And I’m not the only one who feels this way. First, on another Buckeye blog, “Around the Oval” there was this posting before they changed leadership: Why I don’t want a playoff in college:

(H)ow often can you say you’re sure the team that wins the NCAA tournament in men’s basketball was the best in the country that year? If they get hot at the right time and catch a few lucky breaks, a pretty mediocre team can make a run through the playoffs and win it all, while a team that crushed the competition throughout the year can fall victim to a bad call and be out in the first round. True, those are the extreme cases, but c’mon, we’re all college football fans here: I have argued extensively, with a complete disregard for logic, that Archie Griffin is the best athlete ever, simply because he won two Heismans. You think the Buckeyes losing a close game in the semi-finals is going to stop me from arguing that they’re the best team in the country? A playoff won’t settle these arguments. It’ll give the fans of the winners some pretty good evidence, but then the little crystal balls the BCS hands out are also pretty good evidence.

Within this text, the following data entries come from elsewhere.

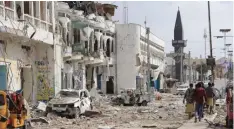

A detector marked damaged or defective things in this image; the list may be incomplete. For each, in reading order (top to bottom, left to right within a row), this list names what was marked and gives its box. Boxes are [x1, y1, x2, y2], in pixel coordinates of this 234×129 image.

damaged car [45, 89, 93, 118]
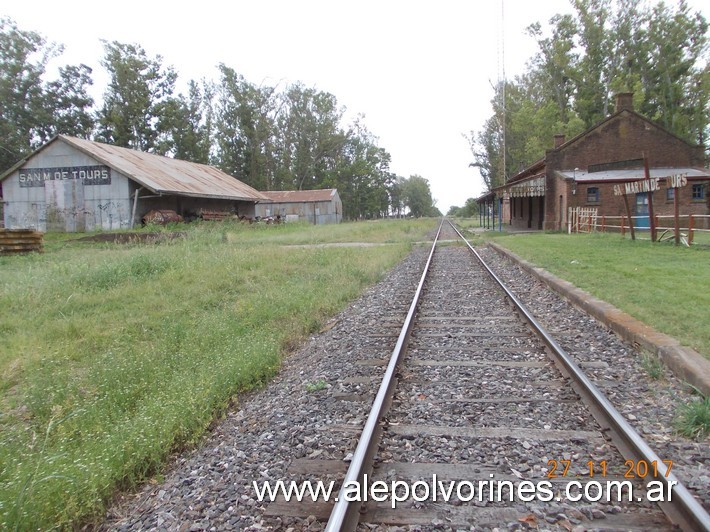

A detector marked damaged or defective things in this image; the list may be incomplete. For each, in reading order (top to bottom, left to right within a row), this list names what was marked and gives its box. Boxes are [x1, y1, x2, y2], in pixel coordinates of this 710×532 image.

rusty metal roof [57, 136, 270, 203]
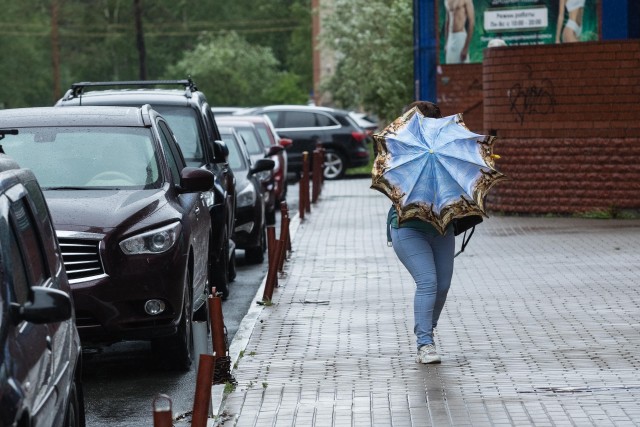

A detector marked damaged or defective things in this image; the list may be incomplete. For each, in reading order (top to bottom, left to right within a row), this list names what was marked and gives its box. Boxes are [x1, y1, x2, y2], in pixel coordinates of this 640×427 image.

rusty post [152, 394, 172, 427]
rusty post [191, 354, 216, 427]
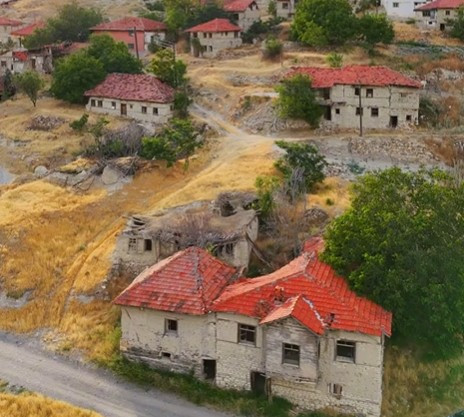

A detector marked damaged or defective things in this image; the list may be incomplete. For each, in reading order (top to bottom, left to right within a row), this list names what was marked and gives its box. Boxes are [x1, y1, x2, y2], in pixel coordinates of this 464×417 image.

broken window frame [237, 324, 256, 342]
broken window frame [280, 342, 300, 366]
broken window frame [336, 340, 358, 362]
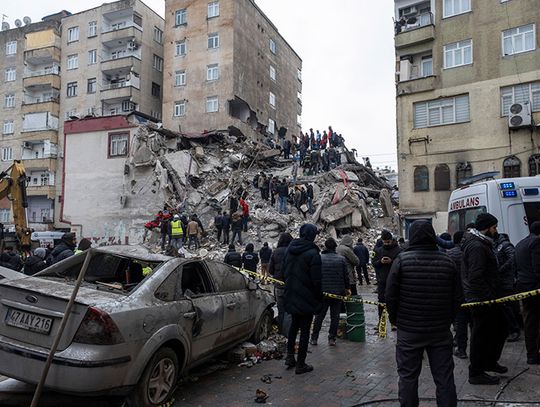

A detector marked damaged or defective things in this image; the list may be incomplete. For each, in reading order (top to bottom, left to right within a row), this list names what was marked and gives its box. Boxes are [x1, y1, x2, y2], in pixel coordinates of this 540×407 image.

damaged apartment building [160, 0, 304, 143]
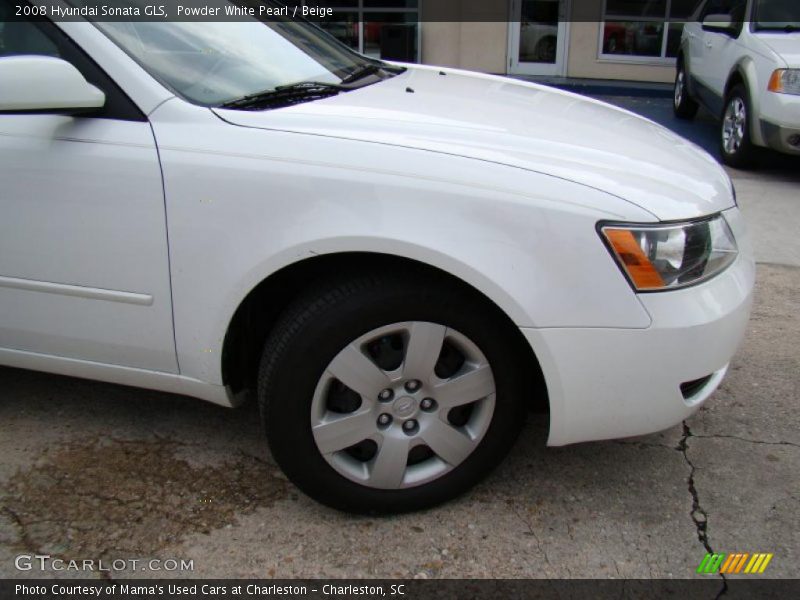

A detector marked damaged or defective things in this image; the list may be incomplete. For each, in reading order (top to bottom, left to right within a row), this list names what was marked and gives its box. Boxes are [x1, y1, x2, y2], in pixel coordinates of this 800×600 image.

And who says crowning a national champion is something worth trying to do anyway? Can we really take one team from 119 and say, “Okay, we are absolutely certain this is the best team in the country”? It seems like an exercise in futility, designed to drive us all crazy. So why even try? Let’s go back to the old system. Every year, the Big Ten champ plays the Pac-10 champ in the Rose Bowl, the 2nd place Big Ten team plays in the Citrus Capital One Bowl, and so on. It won’t give us the best team in the country, but I have a sneaking suspicion that there’s no way we can conclusively determine that. So instead, we get the tradition back, and a system that at least makes college football less of a blatant cash-grab.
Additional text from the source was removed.